> **WHAT NEEDS TO BE DONE**: In the records below, find the line that contains "國際標(biāo)準(zhǔ" and the line that contains "Crowne Plaza Riyadh". Set down exactly those lines and every line between them, and nothing more.

> **DATA RECORDS**:

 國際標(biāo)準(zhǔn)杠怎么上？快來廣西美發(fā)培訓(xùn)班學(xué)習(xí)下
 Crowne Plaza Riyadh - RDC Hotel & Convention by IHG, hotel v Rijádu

==

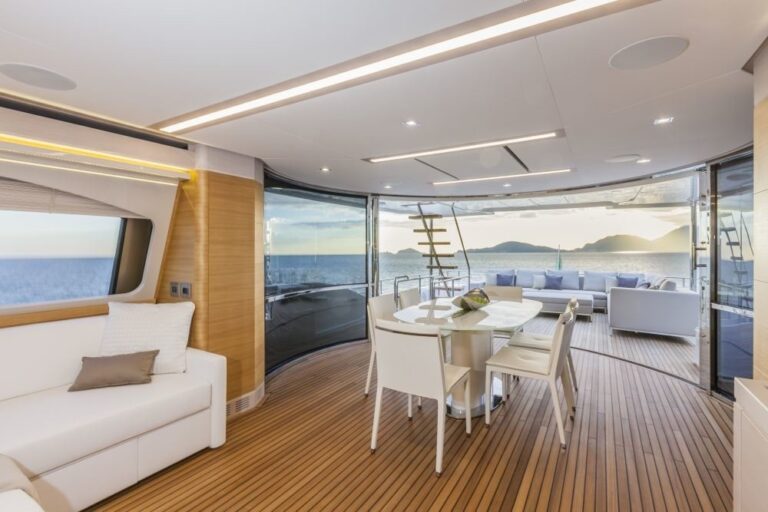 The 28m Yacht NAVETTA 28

---

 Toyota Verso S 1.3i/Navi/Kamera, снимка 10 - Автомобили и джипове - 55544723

> **EXERCISE SOLUTION**:
 國際標(biāo)準(zhǔn)杠怎么上？快來廣西美發(fā)培訓(xùn)班學(xué)習(xí)下
 Crowne Plaza Riyadh - RDC Hotel & Convention by IHG, hotel v Rijádu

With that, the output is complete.